WILT. Amidst A Spacious Fabric. Ad Noiseum No. 3, 63:30, adnoiseum.net

It starts off with a midrange whoosh, quiet almost, slow and smooth, like being inside a car on a highway with the windows shut, but these rubber band notes like an acoustic bass boinging punctuate until metallic rumble forces its way in. There are eleven tracks and although the basic materials are similar, each piece follows its own special path, the hour passing by quickly in a well programmed album. It’s not heavy industrial, or particularly dark. Amidst A Spacious Fabric is notable for not sounding like most other noise or ambient projects, and it eschews electronica beats. Anyone who likes the noisier, electronic, often guitar side of free improv (say, Lee Ranaldo, Elliott Sharp), will appreciate Wilt. The pieces are all processed from a zither as a the only sound source; I wouldn’t have guessed so without reading the liner, but there is an analog, earthy quality to this spacious fabric. Highly recommended to the converted as well as unfamiliar freethinkers.
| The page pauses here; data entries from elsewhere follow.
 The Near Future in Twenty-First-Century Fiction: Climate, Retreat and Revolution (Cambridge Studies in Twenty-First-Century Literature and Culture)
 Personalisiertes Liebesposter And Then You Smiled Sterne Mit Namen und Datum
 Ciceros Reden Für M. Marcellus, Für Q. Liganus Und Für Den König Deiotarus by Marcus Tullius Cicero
ZONA FUMATORI. Enteng. Stichting Mixer Mix-R1, staalplaat.com

Thirteen tracks, on this Dutch label of avant and accessible experiments. Zona Fumatori is Sagi Groner and Martijn Tellinga. The first track of this Smoking Zone takes us instrumentally on a camel-lope through an open bazaar, which segues to track two via groaning guitar or bass with clicking percussion or sampling effects, contrasting with watery electronic loon calls and grating (a descriptor, not a slur) sounds. I haven’t been watching the display and so the tracks go by, each interesting and well-sequenced. A midbass drone with a buzzing overtones is punctuated by softened percussive blows and they drop out to flannel gongs with jet air flowing by, mosquitos being electronically zapped time to time. Low register trombone growls.